How do investment firms that invest in non-public startups (not pre-IPO round) make money?


Once a company goes public and the price of its shares go up I guess some investment firms can make money that way. But how do investment firms that invest in non-public companies (e.g. small startups) make money? Do they just keep on investing until the company goes public and they can reap profits (through stock prices etc.)?

In: Economics

A company produces value, for example if that start up invents a new product, popular software etc. The company gets more value = shares going up.

Basically you can think of it as a pie. The pie gets cut into 10 pieces and being worth (at the time it was cut) $1, each piece is now $0.10 worth. However, a new ingredient gets added onto the pie, now each piece is worth $0.20 and so on.

Private companies have stock too, which is held by the owners. So, VC firms / angel investors will take a percentage of ownership, proportionate to the amount of investment & risk. As the company makes money so do the investment firms.

This is called venture capital and if early enough, angel investment. Two main ways.

1) Many small companies are acquired by larger companies.

2) IPO. The IPO price typically returns many multiples of the amount invested.

In many tech companies, option 1 is more likely than option 2. To spread the risk, venture capitalists usually invest in multiple firms, relying on the rare successes to pay back for the more common failures and still leave significant profit.

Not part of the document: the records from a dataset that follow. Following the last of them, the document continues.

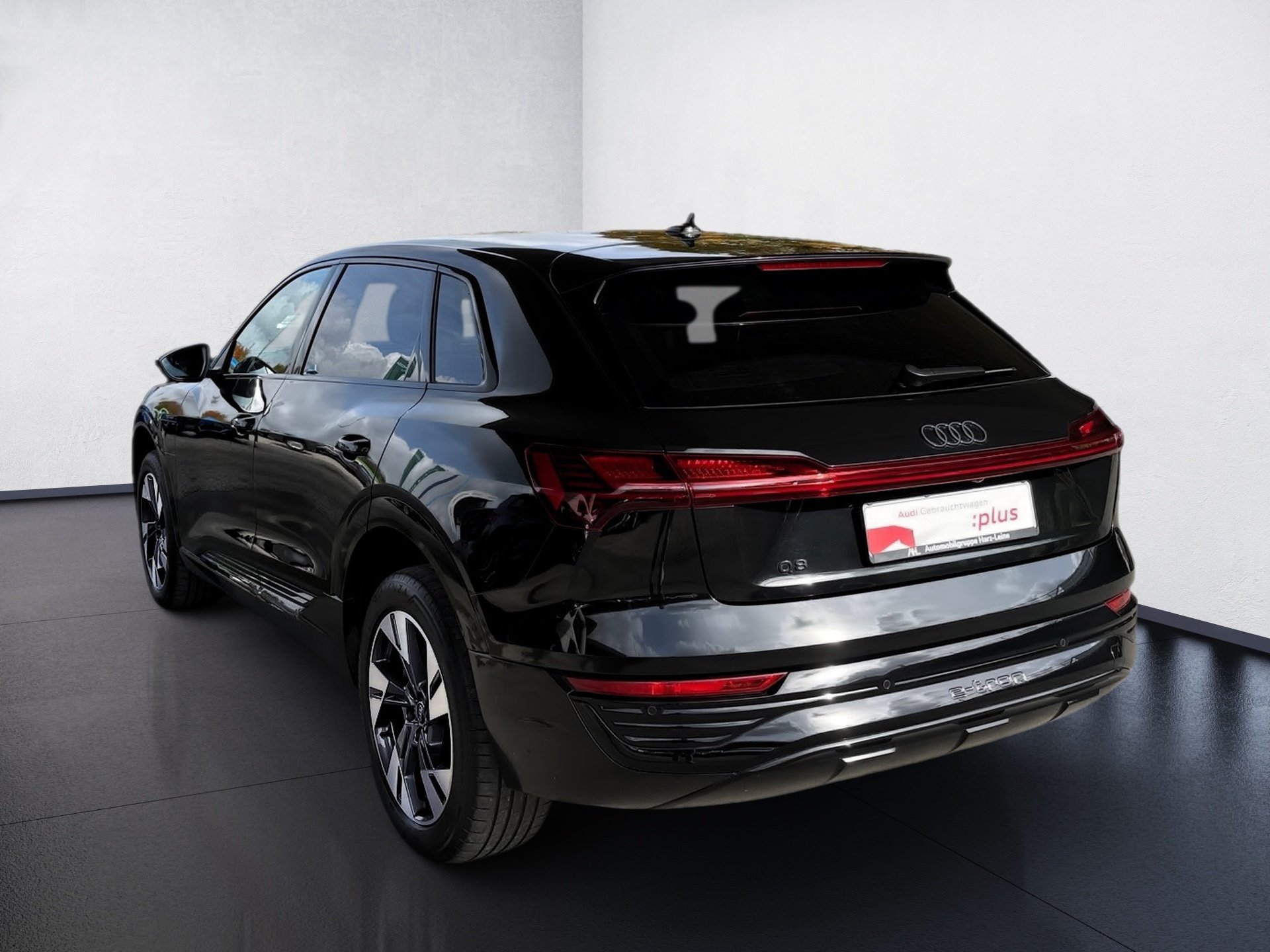 Q8 e-tron 50 advanced quattro Matrix Navi Luft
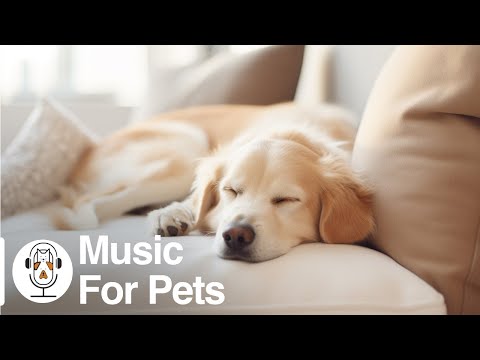Soothing Music for Dogs to Calm Down, Relax & Sleep | Dog Music Therapy Calming Aid for Relaxation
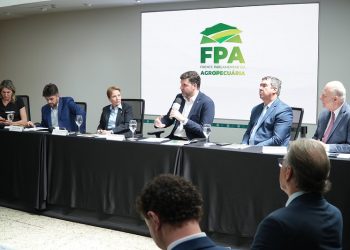 “Não existe defesa internacional com autossabotagem interna”, afirma Pedro Lupion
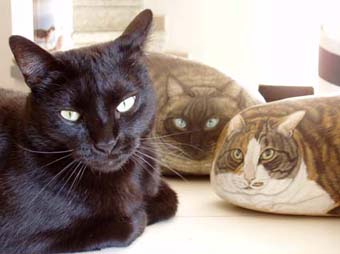 Hand Painted Rock Animals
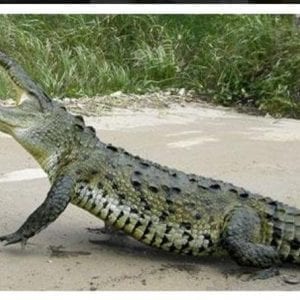 Rainforest Adventure - Lunch - Jungle Crocodile Safari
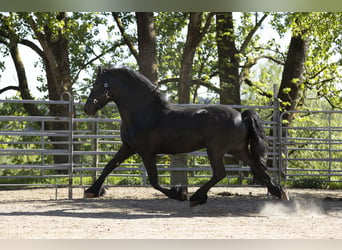 Frisone / Frisone Occidentale, Stallone, 5 Anni, 163 cm, Morello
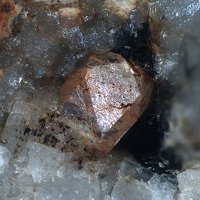 Dalyite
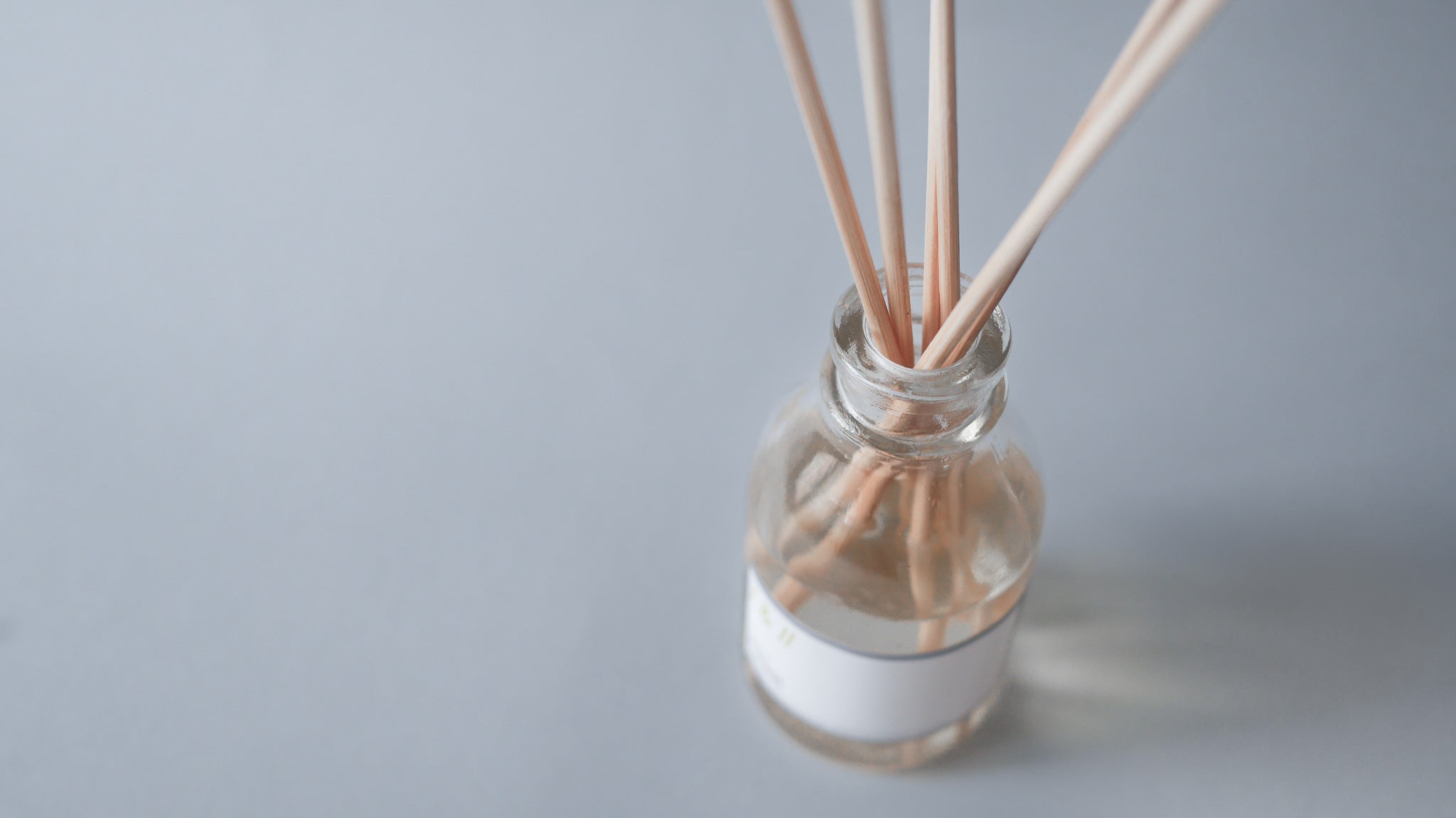 forest / reed diffuser 100ml & 200ml // this series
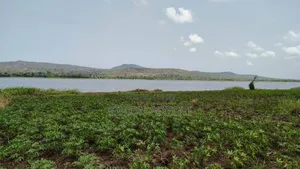 50 Acres River Front Land for Rent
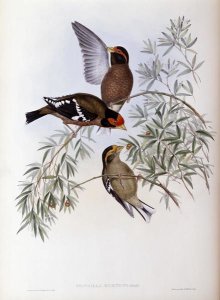 John Gould - Burton's Grosbeak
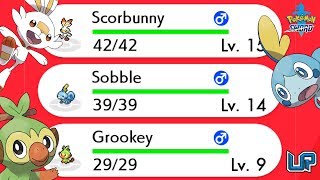 How to get All Three Starters in Pokemon Sword amp Shield Scorbunny Sobble amp Grookey [upl. by Ybbob]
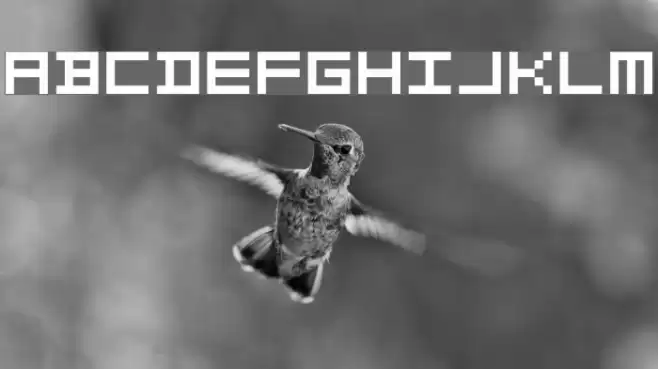 Period X Font examples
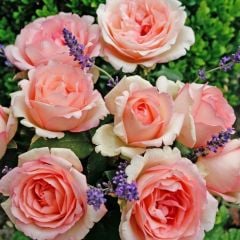 Tüplü Aşılı Souvenir De Baden Krem Pembesi Kokulu Yediveren Gül Fidanı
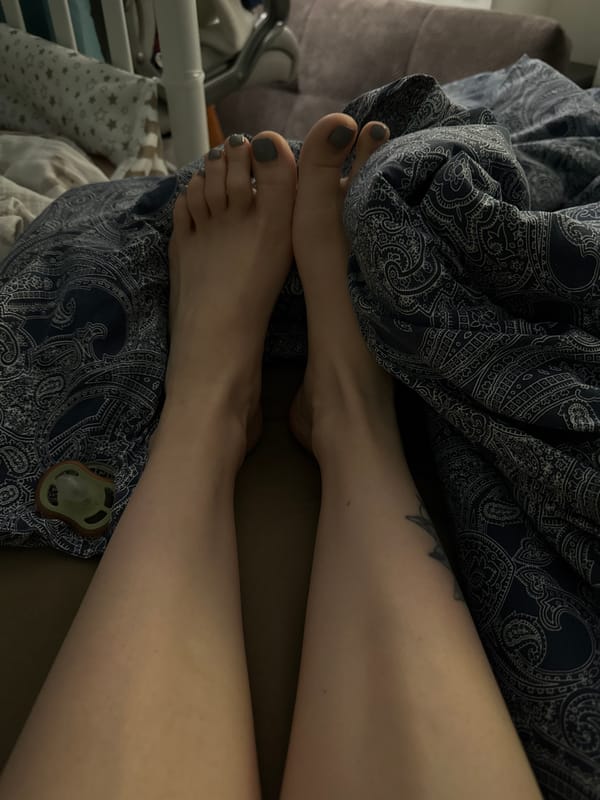 Moscow morning domestic scenes captured across three households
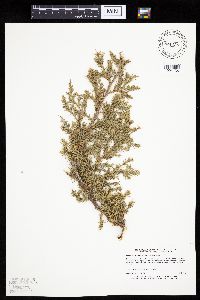 Juniperus communis image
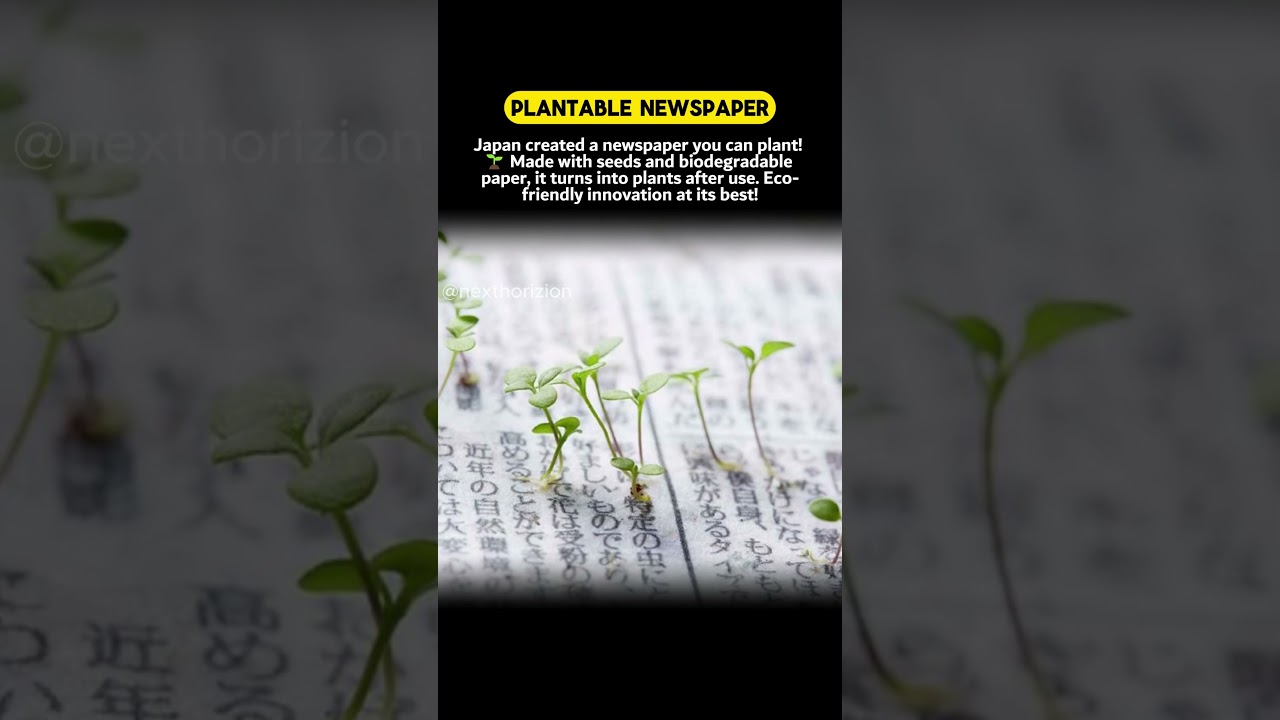 Japan's Plantable Newspaper: Grow Your News! 📰🌿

There’s only a couple of ways that you can make money off a private company *if you’re investing (buying shares)*:
– **Exit opportunities**: You invest (buy shares) in the company when it’s small… after it grows… you either wait for it to go public (IPO) or for another company to want to acquire it (acquisition). Sometimes, other investors might buy your shares off you or the business might buy them back, but because it’s a private company… it’s a lot harder to do compared to public companies.
– **Dividends**: Most start-ups won’t pay these. It’s where they split the *profits* (may just be out of cash reserves) between the shareholders (if you have more shares you get more amount). As mentioned, most start-ups who want investment won’t start giving cash back to investors as it’s draining money and could stunt their growth.

Venture Capital and Private Equity firms hold shares or percentage of ownership in companies. They hope to help the business grow so that it can either go public, in which case their private shares become public shares they can sell for profit. Or the business gets acquired, resulting in them getting paid out in cash and/or stock of the acquiring company.